I write separately because, although I agree with Judge MacKinnon that on the facts of this case, the district court’s approval of the settlement did not constitute an abuse of discretion, I share Judge Wright’s concern that simultaneous negotiation of a settlement on the merits and limitations on attorneys’ fees can in some circumstances create serious conflicts. Indeed, the local bar ethics committee has recently ruled that in Title VII actions, a defendant “may not condition an offer of settlement upon an agreement by plaintiff’s counsel to waive or limit the plaintiff’s potential statutory [attorneys’] fees.” District of Columbia Bar Legal Ethics Committee, Opinion No. 147, reprinted in 113 Daily Washington L.Rep. 389, 389 (1985).

I.

Like Judge MacKinnon, I rely heavily on the particular facts of this case. The first concrete settlement offer, after many months of extensive discovery, came from the plaintiffs. See Moore v. National Ass’n of Sec. Dealers, Inc., 572 F.Supp. 1219, consent decree at 3-4 (D.D.C.1983), Joint Appendix (“J.A.”) at 256-57; Letter from David N. Webster to Richard T. Sampson (Apr. 4, 1983), J.A. at 76. That offer was unacceptable to the defendant, the National Association of Securities Dealers. Although the Association was apparently willing to institute the employment practices requested by the plaintiffs, and in fact claimed that it would have done so apart from this litigation, it was not willing to pay out any money, whether as damages, back pay, attorneys’ fees, or costs. During the several days of hearings and conferences Judge Parker held on the proposed settlement, counsel explained that the Association believed it had not violated Title VII and was unwilling to suggest otherwise by submitting to a financial penalty. See Hearing Transcript at 12 (May 23, 1983), J.A. at 31. Plaintiffs, who were obviously eager for a settlement, returned again and again with offers incorporating the consensus on substantive relief. Those offers first limited attorneys’ fees and costs to $100,000, later reduced the amount to $50,000 plus expenses, and finally waived fees and costs altogether. See Letter from David N. Webster to Richard T. Sampson (May 11, 1983), J.A. at 81. The district judge questioned both the plaintiffs’ attorney and the class representative herself about the waiver; they stated unequivocally that the waiver was fully voluntary and that they were satisfied with the settlement in its entirety. See Hearing Transcript at 16-17, 24-25 (May 27, 1983), J.A. at 105-06, 113-14. Neither approached the judge with any explanation that the defendant’s intransigence had coerced the settlement or that the plaintiffs were surrendering from lack of financial ability to carry on the case. After closely scrutinizing the settlement, and after a sua sponte effort to get counsel to renegotiate the waiver of costs, the district judge found that the class representative and her counsel had indeed accepted the settlement willingly and that it was fair to all parties.
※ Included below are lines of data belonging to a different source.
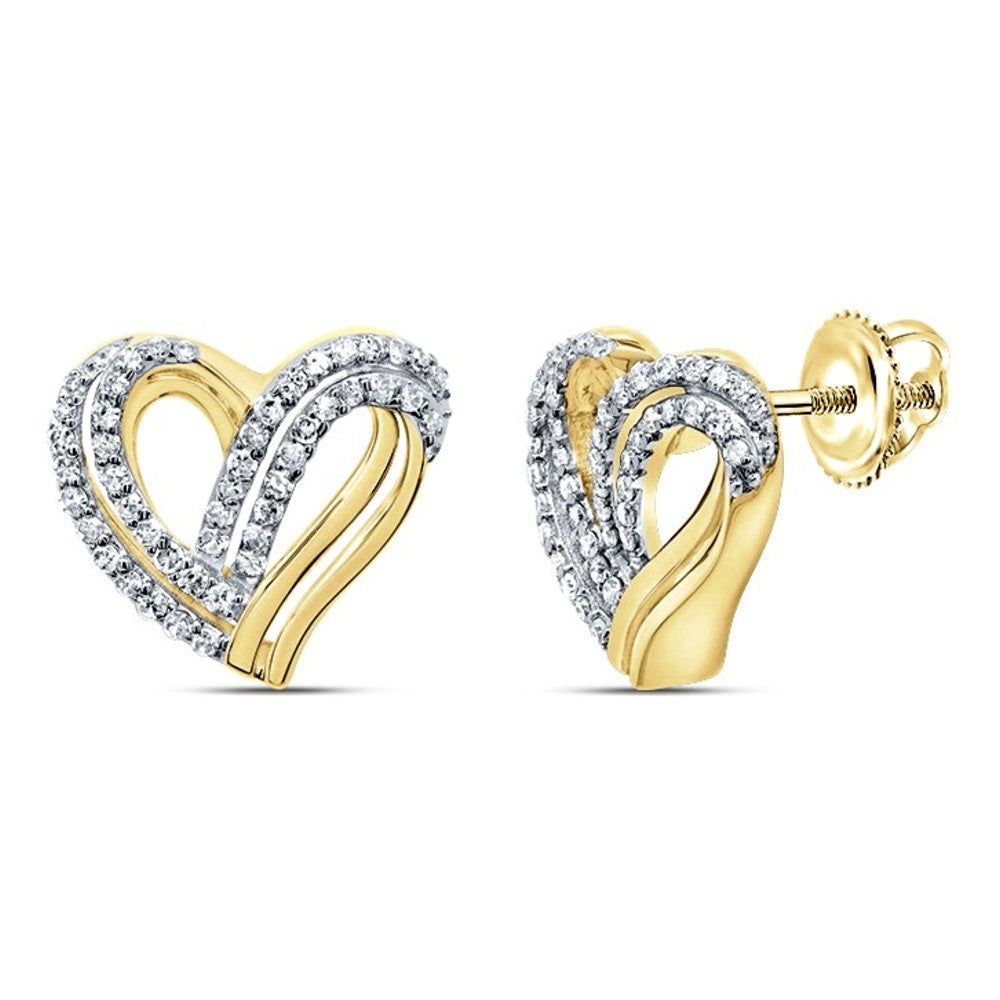 1/3ctw Diamond Heart Stud Earrings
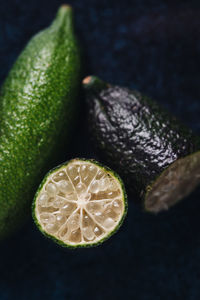 High angle view of lemon slice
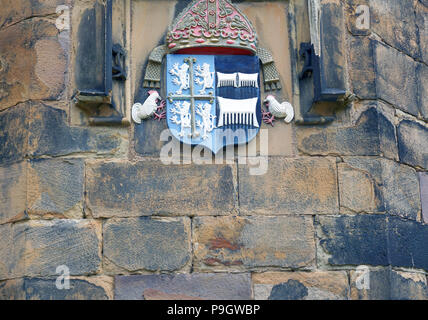 Durham City England UK Bishop of Durham and University of Durham Crest and Coat of Arms on Historic Buildings in Palace Green Stock Photo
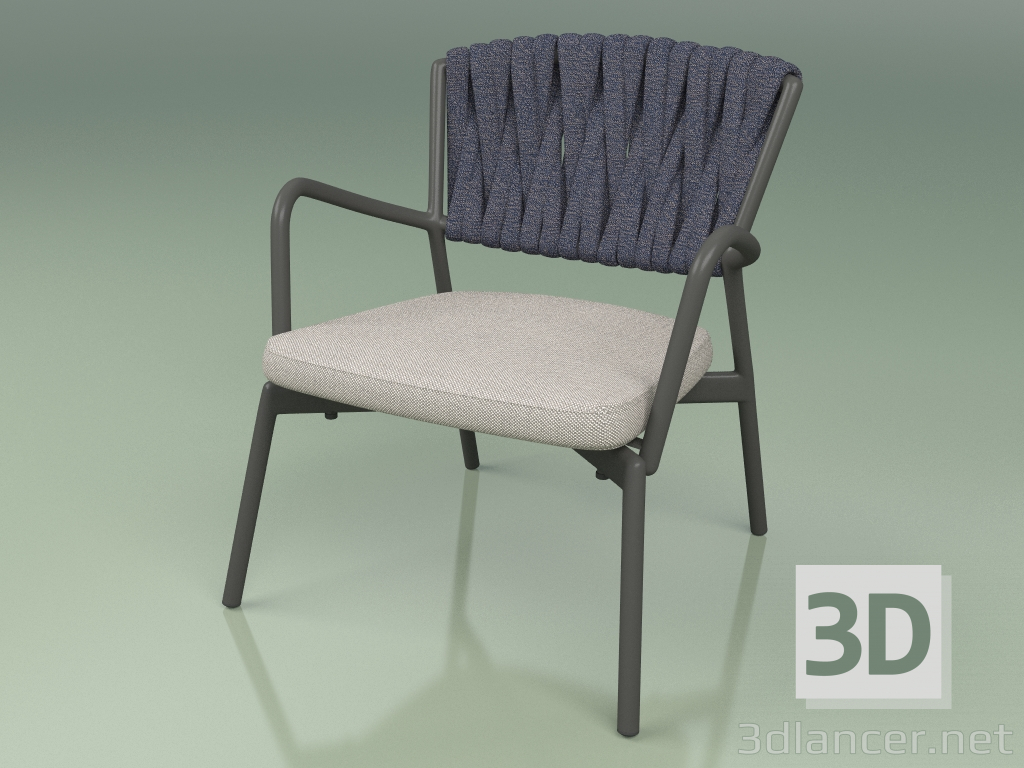 3d model Silla Tapizada 227 (Metal Ahumado, Cinturón Acolchado Gris-Azul) - vista previa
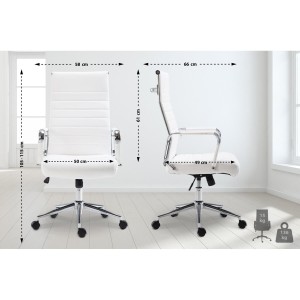 Silla de Oficina KOLMU, base de metal, piel negra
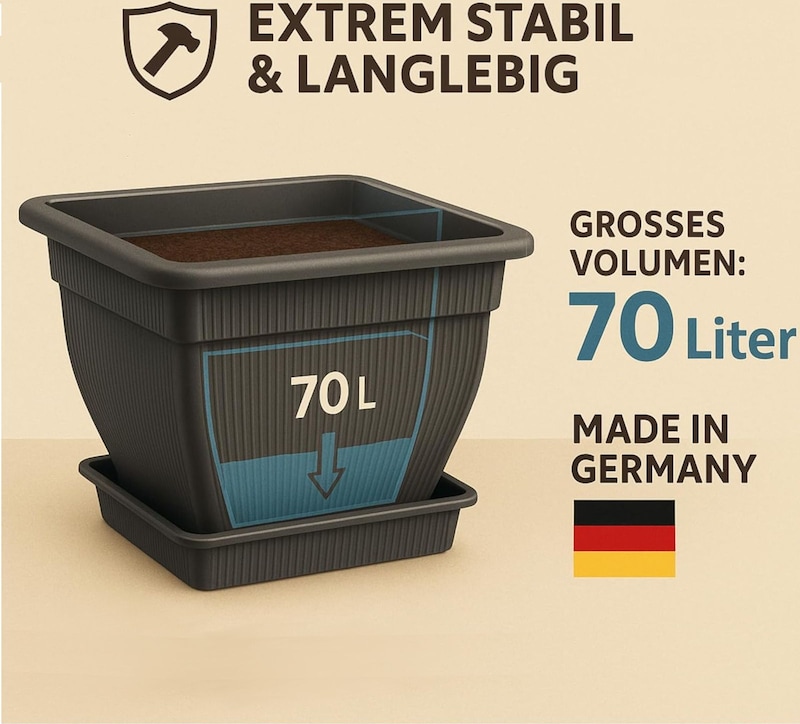 XXL Pflanzkübel Blumentopf 60x60 Wasserspeicher Pflanztopf Blumenkübel grau 70 L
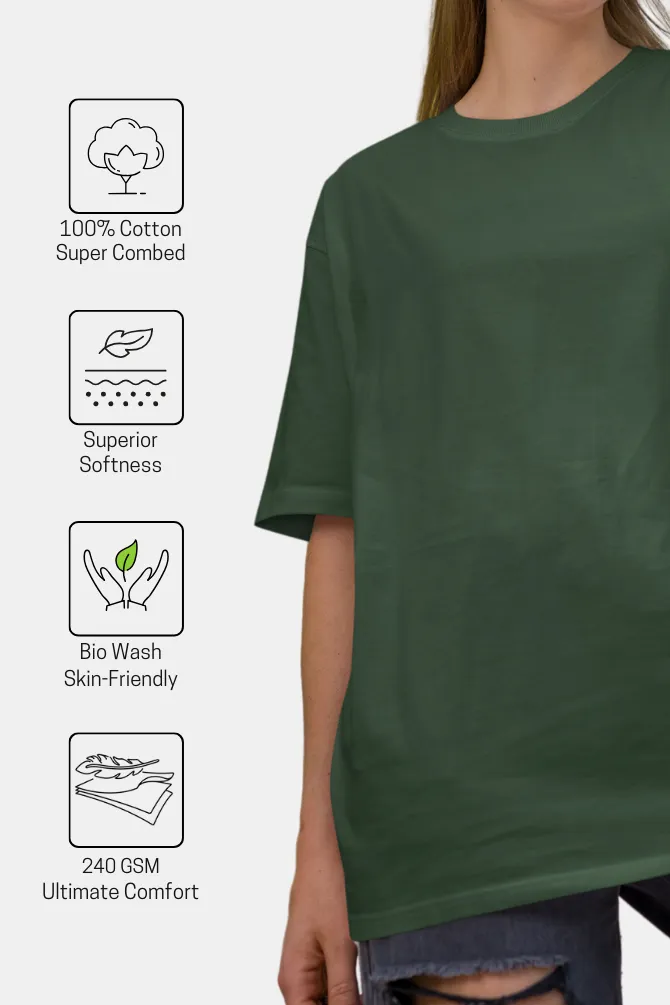 Bottle Green Oversized T-shirt for women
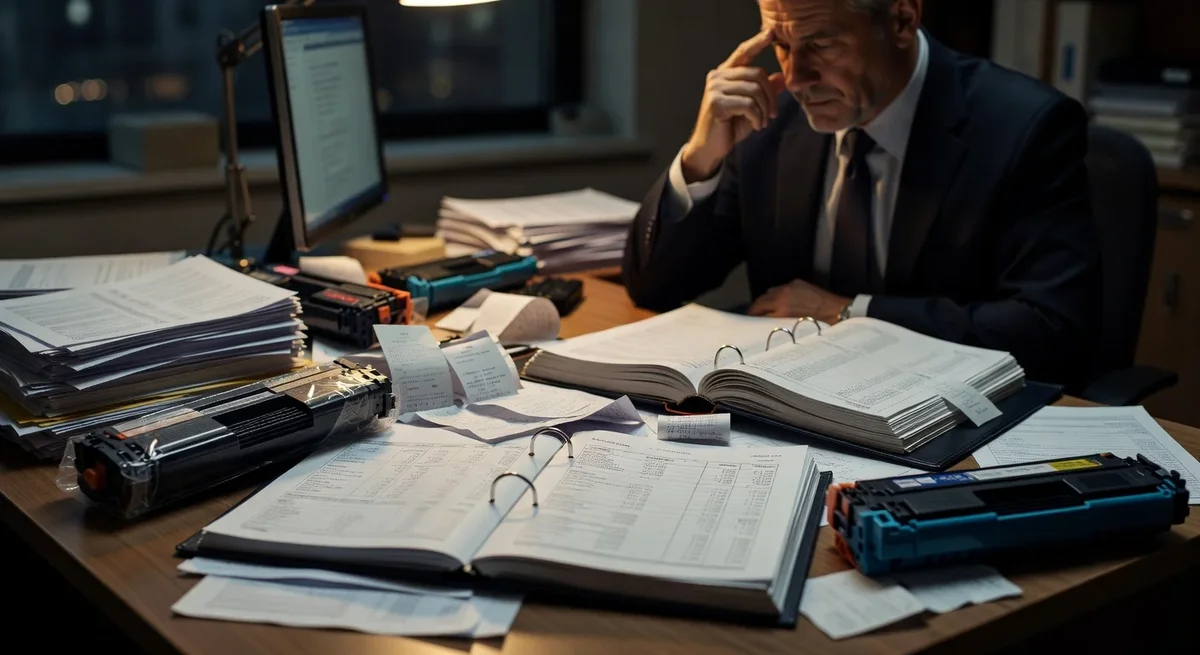 Table de travail encombrée de fournitures de bureau et documents comptables pour clôture d'exercice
Within a month, the named plaintiff had second thoughts and objected, as a class member, to the very settlement she had approved as class representative. In this court she asks for a general prophylactic rule, applied retroactively to her case, that fees and costs cannot be negotiated simultaneously with the merits of a Title VII settlement. She asks this court to enforce the benefits of the settlement to the class, but to invalidate the waiver of fees and costs and order the district court to award fees and costs as if there had been no waiver.

II.

As both Judge MacKinnon’s and Judge Wright’s opinions make abundantly clear, the merits of an all-encompassing prophylactic rule are quite uncertain. In JeffD. v. Evans, 743 F.2d 648 (9th Cir.1984), cert. granted, — U.S.-, 105 S.Ct. 2319, 85 L.Ed.2d 838 (1985), the Ninth Circuit declared that, in the absence of “unusual *1112circumstances,” district courts should not enforce any agreements on attorneys’ fees, including waiver of those fees, that were negotiated at the same time as a settlement on the merits. Id. at 652. The JeffD. approach thus frees class representatives from making the hard choice between obtaining relief for the class through settlement but forgoing attorneys’ fees, or rejecting present relief for the class in the hope of eventually recovering fees that will satisfy any personal liability the representative may have to counsel.1 On the other hand, the JeffD. approach probably means that a defendant who is willing to grant immediate prospective relief to a plaintiff case, but would rather gamble on the outcome at trial than pay attorneys’ fees and costs up front, will never settle. In short, removing' attorneys’ fees as a “bargaining chip” cuts both ways. It prevents defendants, who in Title VII cases are likely to have greater economic power than plaintiffs, from exploiting that power .in a particularly objectionable way; but it also deprives plaintiffs of the use of that chip, even when without it settlement may be impossible and the prospect of winning at trial may be very doubtful.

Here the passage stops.